UNITED STATES COURT OF APPEALS FOR THE FIRST CIRCUIT

No. 96-1745

CARL M. BERKE, ET AL., Plaintiffs, Appellants,

v. TAMBRANDS, INC.,

Defendant, Appellee.

No. 96-1830 DAVID A. FOX,

Plaintiff, Appellant, v.

TAMBRANDS, INC., Defendant, Appellee.

APPEALS FROM THE UNITED STATES DISTRICT COURT

FOR THE DISTRICT OF MASSACHUSETTS [Hon. Robert B. Collings, U.S. Magistrate Judge]

Before

Boudin, Circuit Judge,

Aldrich, Senior Circuit Judge,

and Lynch, Circuit Judge.

James E. Grumbach with whom Marc E. Verzani and Zimble &

Brettler, LLP were on consolidated briefs for appellants.

Roger E. Podesta with whom Harry Zirlin, Debevoise & Plimpton,

Richard L. Nahigian and Sullivan, Sullivan & Pinta were on

consolidated brief for appellee.

April 24, 1997

Per Curiam. Plaintiffs appeal from the district court's

summary judgment dismissal of their claims, most importantly

that stock options and other incentive compensation promised

by their employer, Tambrands Inc., should have been

accelerated--rather than forfeited--when Tambrands sold its

subsidiary Hygeia Sciences, Inc., the company for which the

plaintiffs directly worked. Plaintiffs dispute the district

court's reading of the underlying contracts; they also

challenge several discovery rulings.

After reviewing the briefs and the record, we conclude

that the district court's thorough opinion correctly analyzed

and resolved the questions presented. We affirm for

substantially the reasons given below, separately discussing

below only three points which were not squarely addressed in

the district court. Some of the issues presented by the

appeal are fairly debatable, but we see no reason to repeat

in our words explanations that have been ably provided by the

district court.

1. Plaintiffs argue on appeal that three plaintiffs who

continued working for Hygeia until the date on which their

options would have vested if they had remained in Tambrands'

employ completed the requisite vesting period.

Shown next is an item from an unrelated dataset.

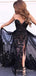 Black Tulle Appliques Mermaid Strapless Long Evening Prom Dresses, Sweetheart Prom Dresses, BGS0287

They assert

that the contractual requirement of two years' continued

employment with "the Company," defined as "Tambrands and its

subsidiaries," should be understood to mean employment by

-2- -2-

Tambrands and/or the subsidiaries it had at the time the

options were granted--not at the time of exercise.

This theory, although mentioned in the complaint, was

not discussed at length by the magistrate judge, who directed

his attention to a broader claim, namely, that the sale

triggered an acceleration of the options. However, assuming

that the present theory was fully preserved, at the end of

two years the plaintiffs were no longer working either for

Tambrands or a subsidiary of Tambrands, and therefore their

options lapsed under the contract, which allowed exercise

"only during the continuance of that Participant's employment

by the Company."

2. In the district court, in addition to express

contract claims, the plaintiffs pressed implied contract,

unjust enrichment and quantum meruit claims. They based

these latter claims on their allegation that they had made

unusual efforts in support of the planned sale of Hygeia

during 1989 and 1990 and as a result deserve, or were

impliedly promised, the reward of acceleration of their

options. On appeal, they have recast this theory, arguing

that their contracts were impliedly modified, or

alternatively that Tambrands' continuation of its incentive

compensation programs during 1989 and 1990 either estops

Tambrands from refusing acceleration or constitutes a waiver

of any right to refuse acceleration.

-3- -3-

However, we agree with the district court's conclusion

that the plaintiffs could not prove either that they could

reasonably have expected acceleration, or that the defendants

promised acceleration, in exchange for their sales efforts.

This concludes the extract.